I do like many of our regional collective terms eg: Koorie, Goori, Palawa, Murri etc and am generally happy to be referred to by them for convenience, but being Arrernte and coming from a region where we don't use collective terms apart from greater tribal groupings, I am technically none of those. These terms, however, are all derived from language and therefore come from our own entomologies which is preferable to the imposed "Aboriginal".
When referring to myself, though, and when not using "Arrernte", I tend to use the term "Black". Why? Because in this country the term "Black" carries a lot of political weight. It is a term that we're reclaimed. After years of removal policies and stolen generations based on the tone of one's skin and their alleged blood quanta, to state that you are "Black" regardless of what your actual tone is is defiant. It reinforces otherness in the face of assimilation policies proudly. People fear that otherness, as has been illustrated by some media columns, when what they should do is embrace it and recognise that it is important and something to celebrate.
I don't use the term "person/woman of colour" for myself because, from an Aboriginal perspective, this phrase does not carry the same political weight and indeed, to be "of colour" to me is to also be comfortable with people defining my background by those old blood quanta percentages, which I reject. Additionally, I also quite like other reclaimed terms such as "mob" whilst also referring to non-Indigenous people as "non-mob". That a term used pejoratively when we were under the Flora and Fauna Act can now be a colloquial reclaimed collectivist term is something I quite like.

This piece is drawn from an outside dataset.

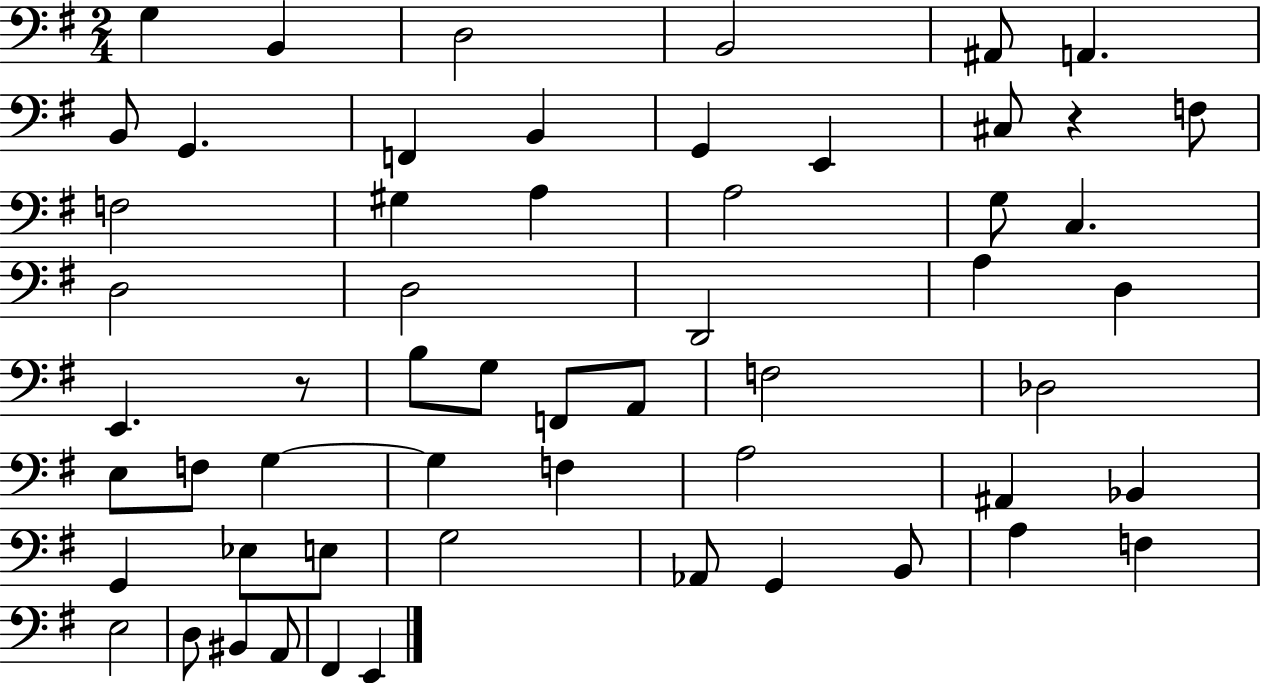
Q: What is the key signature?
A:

Now here's the thing: this is not a how-to guide when defining people's backgrounds. As I have stated earlier, we are not homogenous, and whilst I've stated and defined why I like and dislike various terms, other people do not feel the same way. And nor should they. It's up to the individual, the family, the community to define what they are most comfortable with and for others to respect that. Too many times I have seen non-Indigenous people state what the preferred terms for Indigenous people are based on what they have been told at one point or what they assume from their gathered knowledge, and I have shuddered at what they have come up with. Don't tell; ask! Then go from there. You can bet after years of being defined by the government we have some very strong opinions.
EDIT: I have been asked questions re: Flora and Fauna Act, and fair enough too. I have not published these questions. I am referring to state Acts such as the one that existed in NSW and mentioned by Linda Burney in her maiden speech, but have worded this badly. In light of this, I have asked them to remove this line in the Daily Life version to avoid confusion.